Among CBD's complaints is that West is frequently hired as a paid consultant by the wind industry. CBD also alleges that West was paid by the industry to attack the 2004 CEC study. "It's really unfortunate that a company with a perfectly good reputation has been maligned," says Nancy Rader of the California Wind Energy Association. "Especially for having commented substantively on a report whose flaws have been documented in detail. For that they are being deemed corrupt and unqualified." West says: "There hasn't yet been any resolution to the issues and we would rather not comment now."
Neutral monitoring
Also at issue is the makeup of the county's Scientific Review Board (SRC), which was initially slated to convene back in November 2005 but has yet to be formed. The SRC is to include five scientists, one appointed by each of five groups: environmentalists, the wind industry, the county, the state and the federal government.
"The point of the review board was to avoid this kind of debate over conflict of interest," says Miller. "The board should have picked the monitoring company. But bureaucracy has been part of the delay and we wasted three months over the fact that the county appointed West in the first place."
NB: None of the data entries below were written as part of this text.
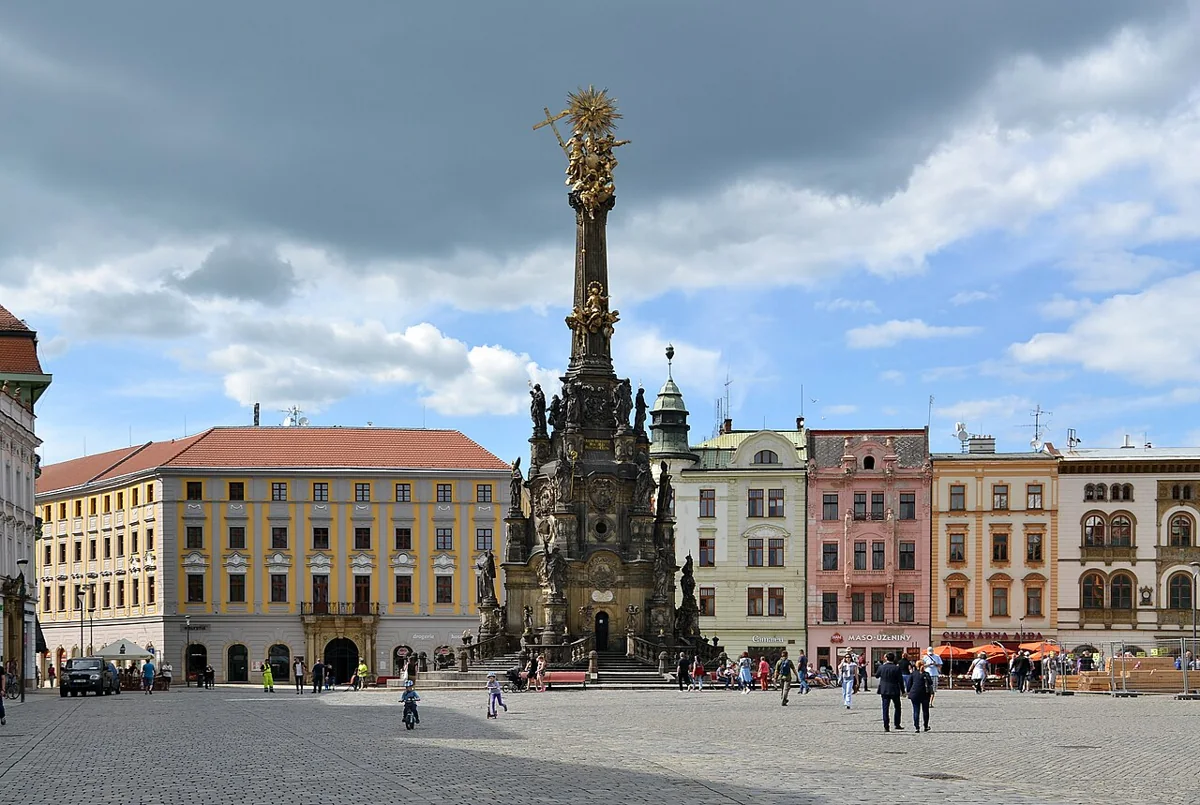 Sloup Nejsvětější Trojice a Horní náměstí v Olomouci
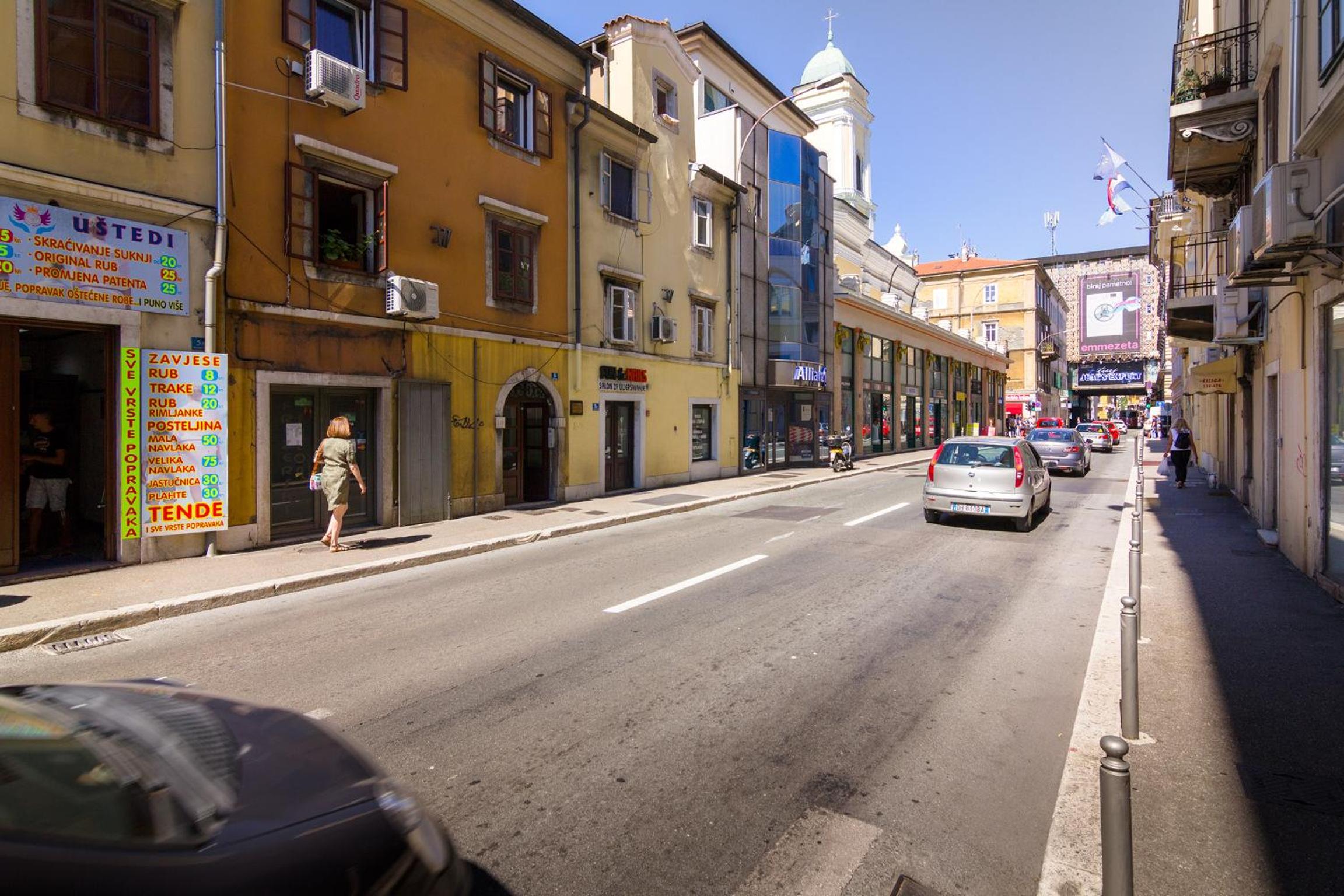 Hotel Apartments Trend 2 - Image 1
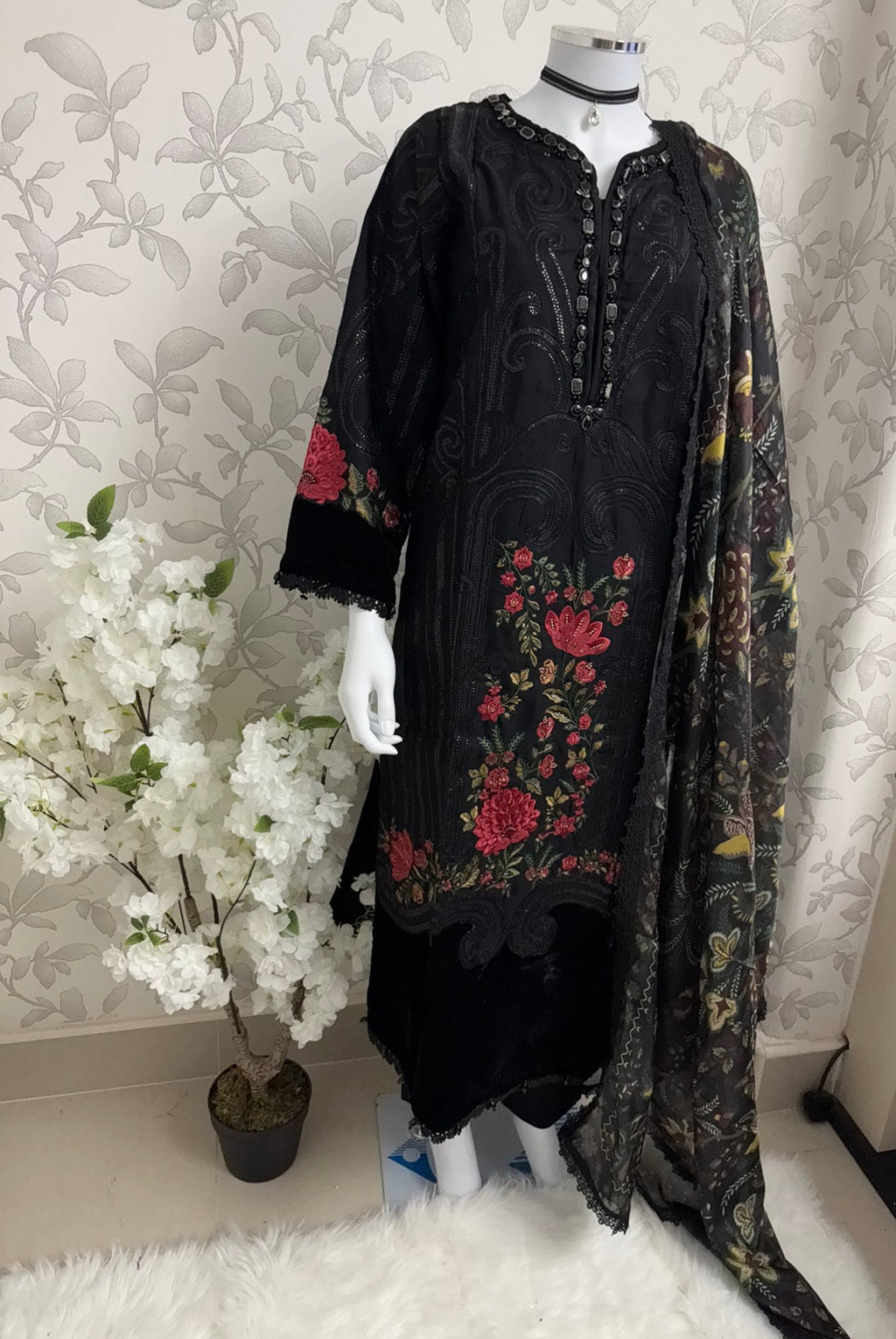 D9 MARIA.B Inspired Black Embroidered 3PC Suit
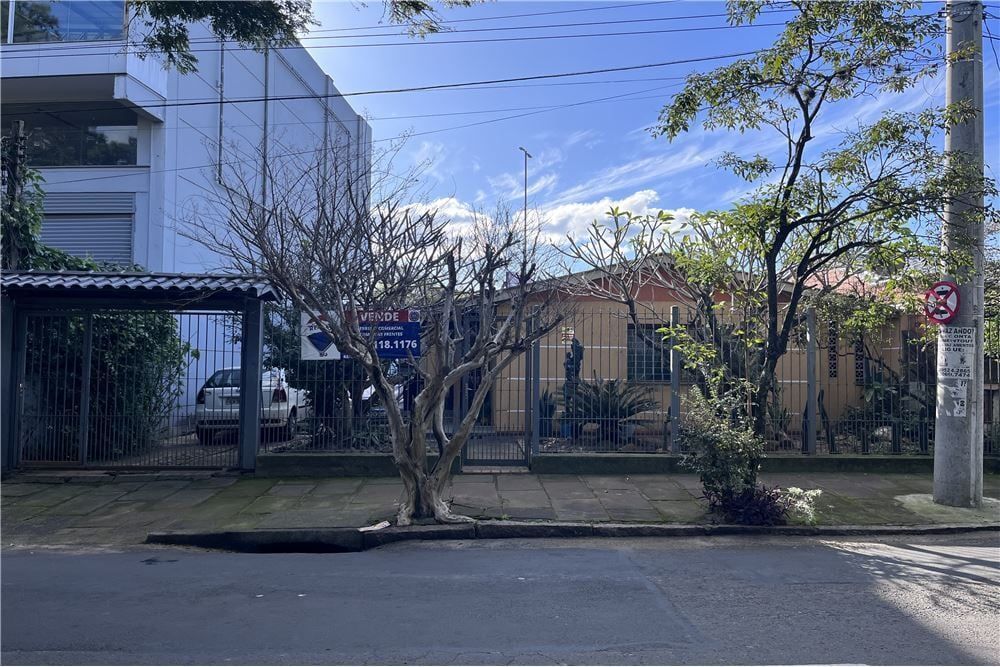 Casa à venda com 2 quartos, 277m² - Foto 3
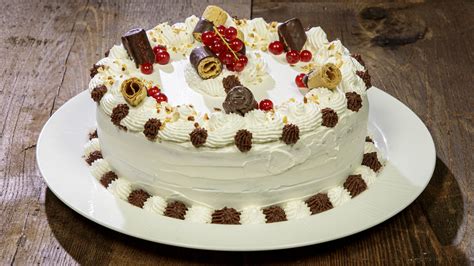 Foto di una torta di compleanno decorata con crema chantilly e Nutella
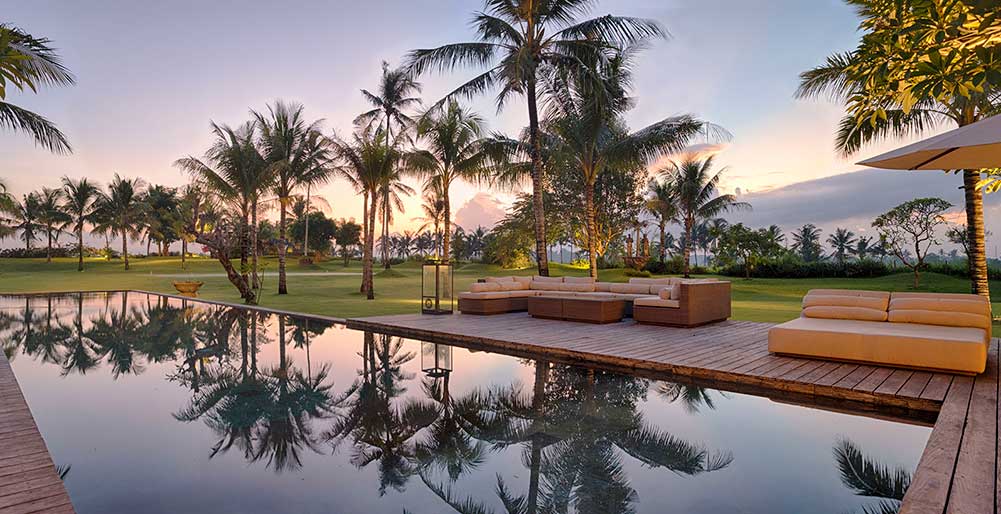Kaba Kaba Estate - Sunset at the pool deck
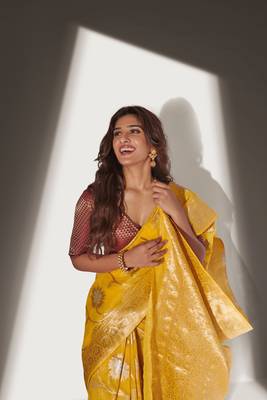 Yellow woven organza saree with blouse 4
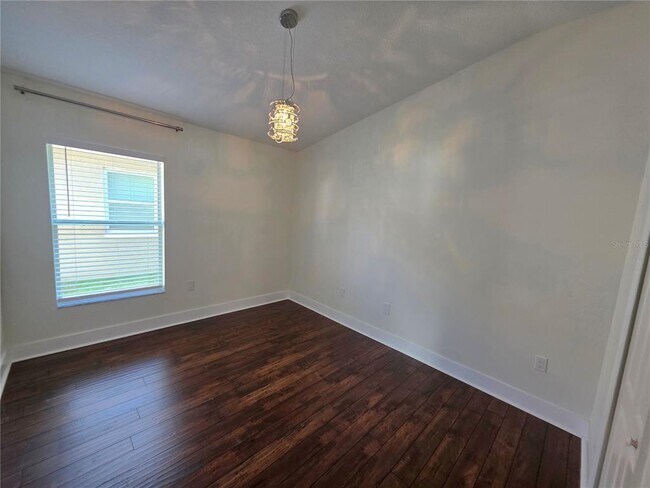 Building Photo - 730 Straw Lake Dr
Regardless of the debate over the number of bird deaths, all parties seem to realise that changes leading to resolution are needed. The good news, Miller says, is that there may be solutions. "From our point of view we hope that repowering will reduce bird kills. This is one of the few industries where there is no kind of fine or compensation for killing protected wildlife. But it's got to be someone neutral that monitors what's going on. We need to know what's working, and what isn't."